Bulk Import Optimizations (Minimal Logging)

Bulk Import Optimizations (Minimal Logging)

Rate This
  • Comments 13

In the previous blog I had listed all bulk import optimizations. Now, I will describe each of these optimizations in detail in separate blog entries. Let me first start with minimal logging. By the way minimal logging is also called bulk-logging but the correct term is 'minimal logging'.  Bulk logging refers more to the database recovery model that enables minimal logging. Note, that the minimal logging can also be enabled by SIMPLE recovery model as well. This BLOG decribes the behavior for minimal logging as it exists in SQL Server 2005.

 

Under minimal logging, the SQL Server does not log individual rows and logs only the page and extent allocations. So if each page can fit 100 rows, we are trading 100 log records for 1 log record, a significant improvement. It is useful here to step back and examine how SQL Server does ensures ACID properties even when individual rows are not logged or how does the log backup work.

 

When the bulk import transaction commits (i.e. the number of rows as specified in the batchsize), the SQL Server flushes all the data pages (a subset of these pages are likely to have been flushed as part of checkpoint) to disk to guarantee the atomocity of the transaction. This is not any more expensive than flushing the log records as the log records would contain the full image of all the rows. And if for some reason, the bulk import transaction needs to be rolled back, all SQL Server needs to do is to traverse the log records and mark the pages/extents to be free again. When the transaction log backup is taken, the SQL Server also backs up the data pages, including index pages when applicable, as part of the transaction log. This enables a database restore by restoring the database backup followed by zero or more transaction log backups. The only drawback of minimal logging is that it does not support point-in-time recovery. This is because during the transaction log backup, the state of the pages involved in the bulk import may have changed between the time bulk import was done and the transaction log back is initiated.  One can argue that we could possibly do point-in-time recovery to just before the bulk import had started but it is not supported. If this is of concern, you can do transaction log backup before/after bulk operations. Please refer to BOL for details of point-in-time recovery and associated restrictions.

 

So far we discussed minimal logging at a conceptual level.

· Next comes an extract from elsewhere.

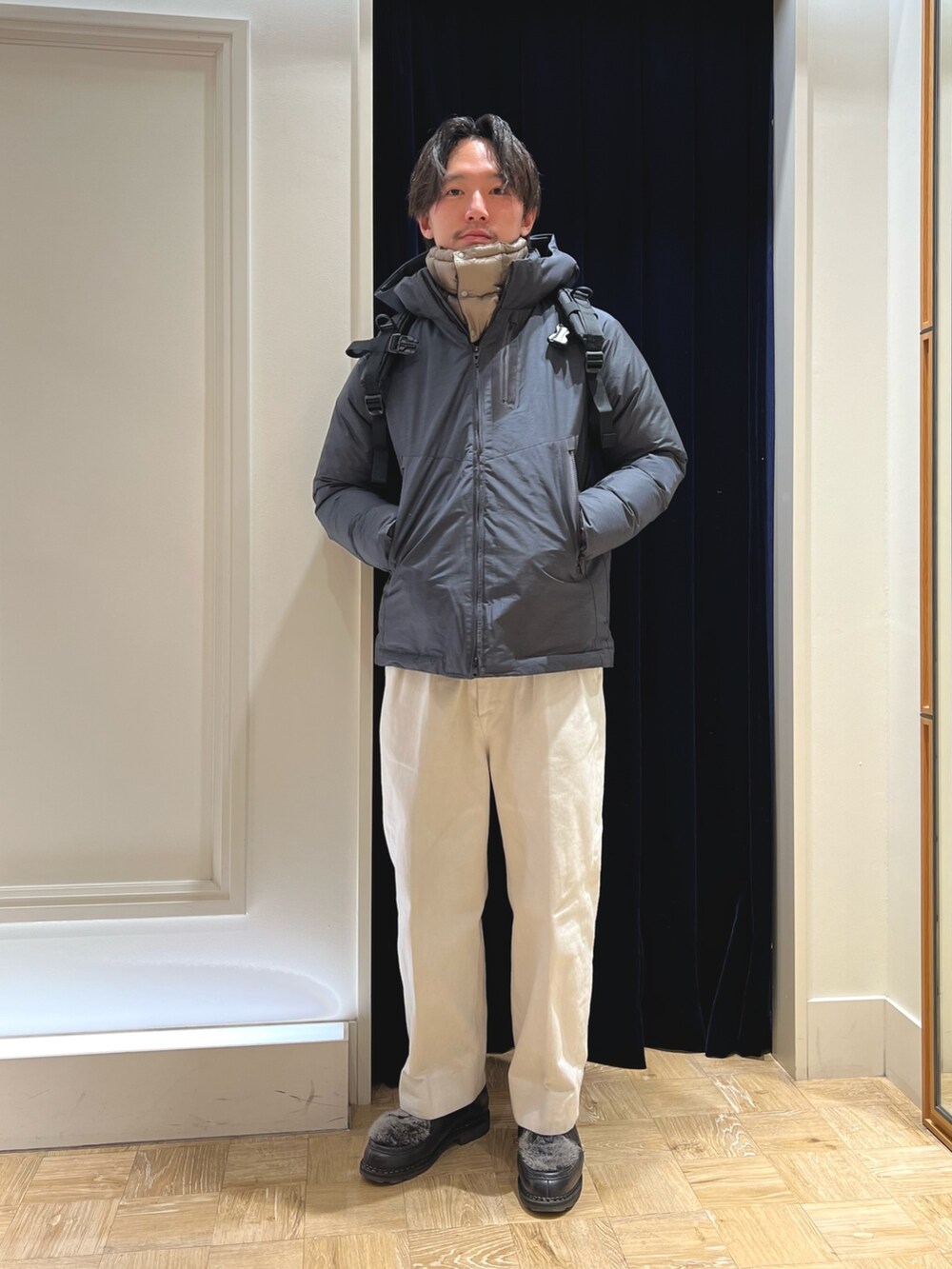 ブラック系のバックパック/リュック、グレー系のブルゾン、グリーン系のネックウォーマー/スヌードを着用したメンズの冬コーディネートの4枚目の写真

Now let us consider a simple example where we will insert 5 rows into a table both with minimal logging and without it and examine the difference.

 

The table t_heap below has a row length of > 1000 bytes so the log record representing the an insert of the data row will also be > 1000 bytes so it will be easy to spot when we examie the log records

 

create table t_heap (c1 int, c2 int, c3 decimal (38,2), c4 char(1000))

 

Let us execute the following command to insert 5 rows through optimized Bulk Import

 

bulk insert t_heap

from 'C:\t_heap-c-small.dat' with (TABLOCK)

 

Now we can look at the top 5 log records by executing the following query

 

select 5 operation,context,[log record length]

from fn_dblog(null, null)

where allocunitname='dbo.t_heap'

order by [Log Record Length] Desc

 

Here are the top 5 log records returned. You will notice that all records are < 100 bytes. In other words, the individual row inserts were not logged. The log records below refer to PFS, an allocation meta-information related page that tracks free space in the allocated page.

Operation        context [log record length]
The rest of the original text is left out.